SnapのARグラスが工場や店舗で導入へ。Snapは、水曜日にNvidia、Amazon Web Services、Salesforceと企業向けパートナーシップを締結したと発表した。これらの企業がSpecsスマートグラス導入を支援する。
この動きにより、6月に投資家から懐疑的な反応を受けた端末に新たな市場が開かれることとなった。購買部門にとってはデザインよりも導入効果の方が重視される。
SnapのARグラスにNvidia、AWS、SalesforceのAIエージェントが搭載
Snapは小売、製造、現場業務を主要ターゲットとする。Salesforceは自社のAgentforce業務向けAIプラットフォームをSpecsに提供する。Snapによると、社員は対象物を識別し、ケースを作成し、記録をハンズフリーで更新できる。

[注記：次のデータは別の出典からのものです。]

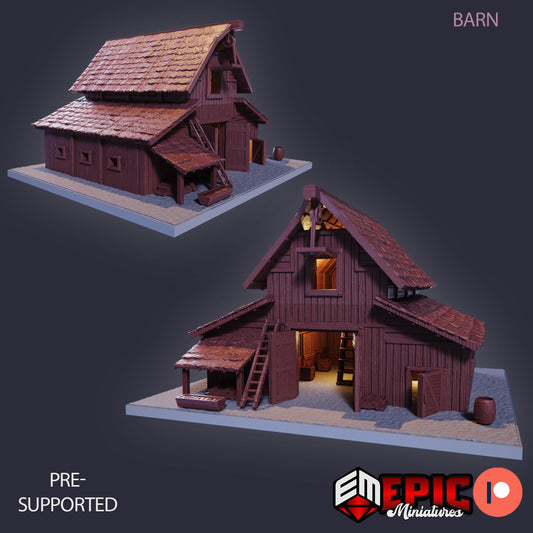 Tavern, Playable Terrain Piece - Epic Miniatures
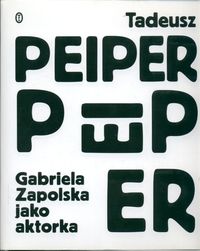 Gabriela Zapolska jako aktorka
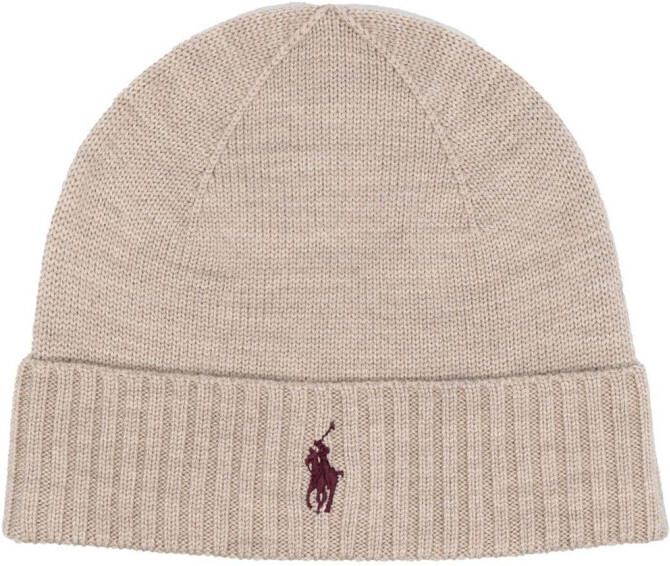 Polo Ralph Lauren Hoed met geborduurd logo Beige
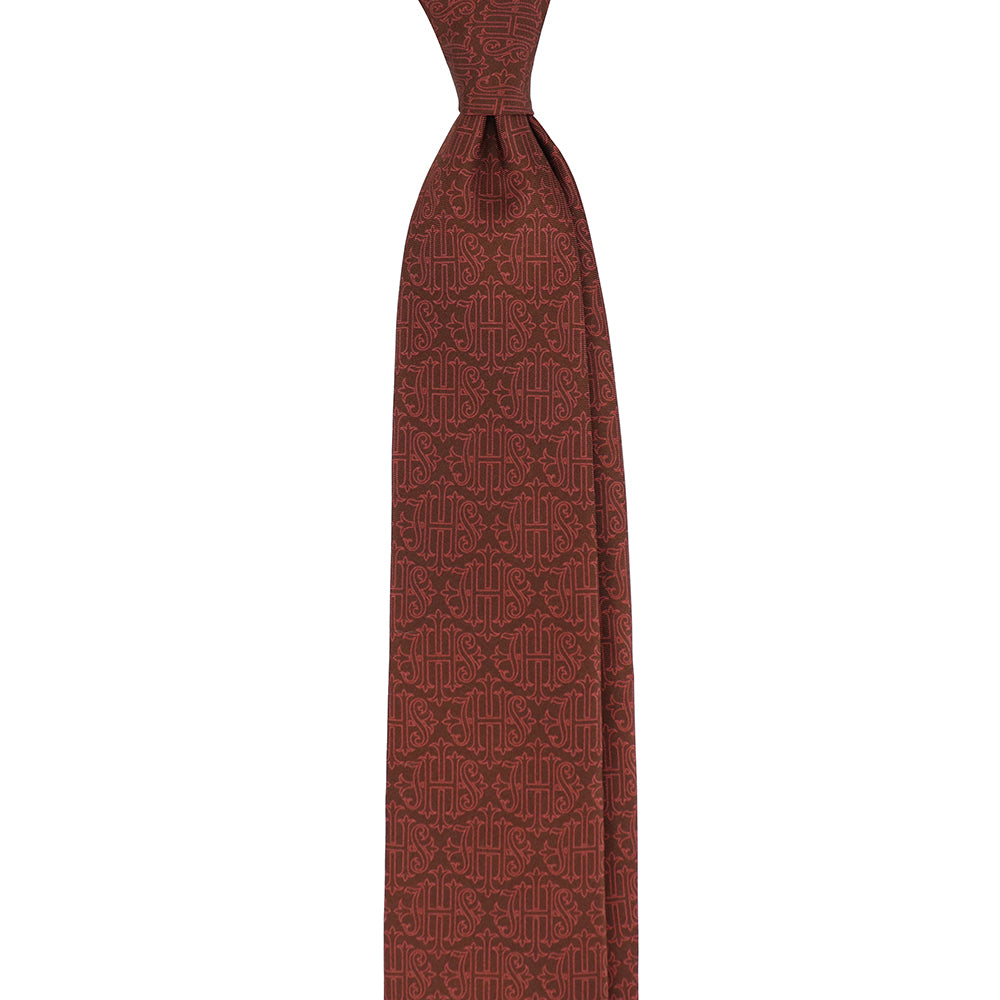Christogram Silk Necktie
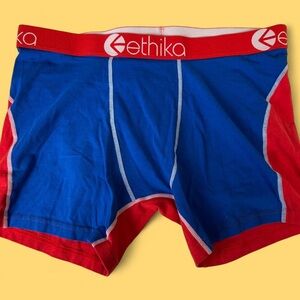 Ethika Vibrant Blue and Red Boxer Briefs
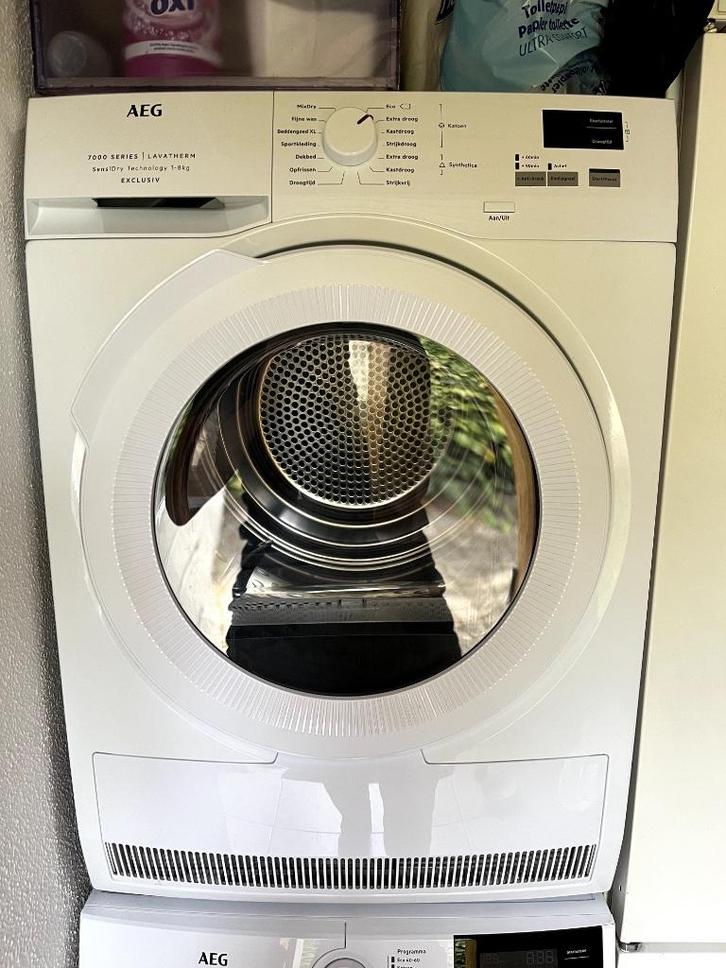 AEG Droger TR7AACHEN 7000 serie Warmtepomp, Witgoed en Apparatuur, Wasdrogers, Zo goed als nieuw, Condens, Voorlader, 6 tot 8 kg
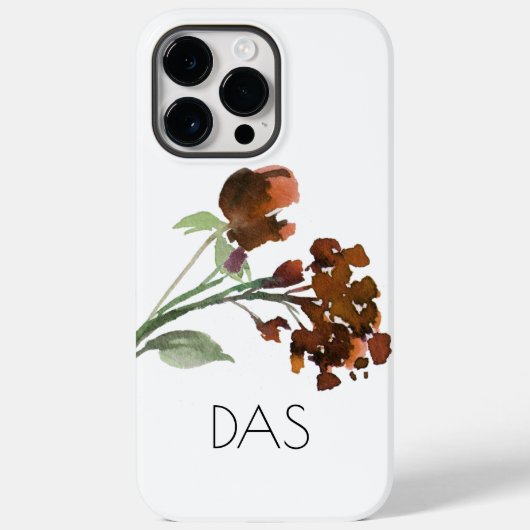 Wildblüte | Terracotta Orange Bohemisch Case-Mate iPhone Hülle (Rückseite)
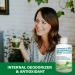 Liquid Chlorophyll Mint 5X Concentrated 500ml Cold Extracted from Non-GMO Alfalfa - Detox - Alkaline - Natural Body Deodorant Antioxidant - Made in Canada - Buy Online on GoSupps.com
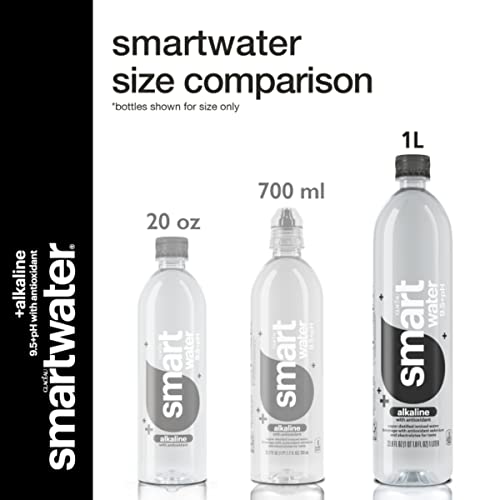 smartwater alkaline with antioxidant ionized electrolyte vapor-d...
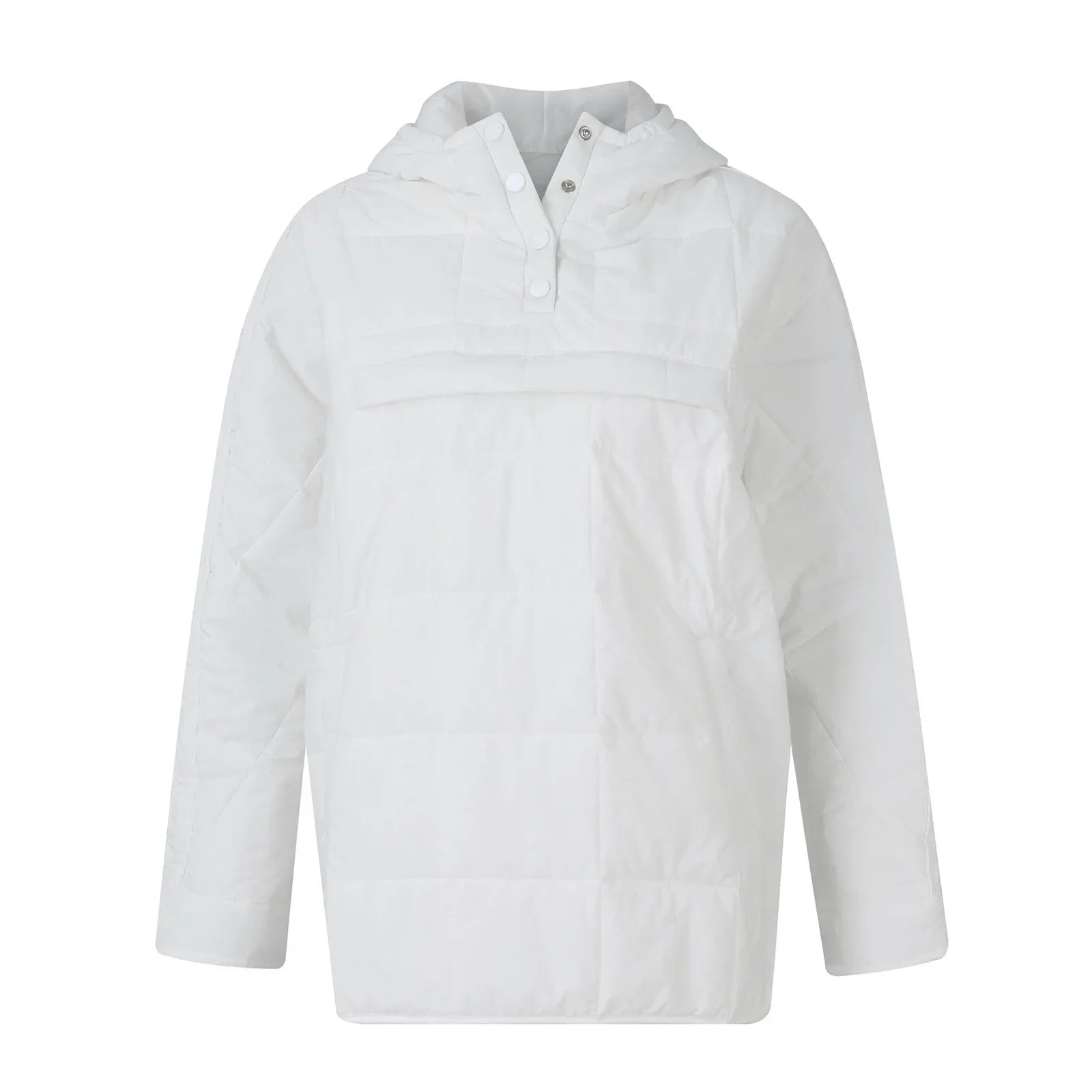 Quilted Jackets for Women Lightweight Long Sleeve Button Down Jacket Warm Winter Coat Outerwear with Pockets Ropas De Mujeres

AWSはSpecsを業務向けAIアシスタント「Amazon Quick」に接続する。Snapの小売業務例では、店員が商品の在庫場所を尋ねるとその在庫数が視界に表示される仕組み。
Nvidiaは自社のXRソフトウェア群からAIエージェントを提供する。Snapはエージェントが部屋の状況を把握し、企業データを呼び出し、作業を指導する様子を説明している。
今回の発表は商業的な詳細には踏み込んでいない。Snapは導入企業や価格も明らかにしていない。
株価がパートナーシップだけでは上昇しない理由
一般消費者向けの訴求は苦戦が続く。Snapは6月に2,195ドルのSpecsを発売、大きくアピールしたが、当日は株価が約10%下落した。
株価は5.72ドルで取引を終了し、前日比1.89%安となった。今年に入り約30%下落している。
法人顧客にとっても導入のハードルは高い。通信付きConnected Caseセットは2,395ドル。大量展開には多額の投資が求められる現状。
最大の課題はスケールである。Snapの2025年通期収益のうち、広告事業が51億9,000万ドル、全体の59億3,000万ドルの大半を占めており、ハードウェア事業は主力とは言い難い。
同社は6月までの1年間で3億1,100万ドルの損失も計上した。法人契約は端末販売以上に安定収益を見込めるが、AI関連支出の増加には投資家から既に疑問の声が集まりつつある。
Salesforceはこうした厳しい視線をよく理解している。Anthropicとの提携が9月初旬に報じられた際、株価は22%急騰した。
ウォール街は慎重な姿勢を崩さない。Snapをカバーする43人のアナリストの評価は「ホールド」だが、平均目標株価は7.38ドルと、直近終値を約29%上回る水準。
Specsは今秋、米国・英国・フランスで発売される予定。パートナー企業のロゴが2027年の予算獲得材料となるが、株価を動かすのはあくまで契約締結の実績となる。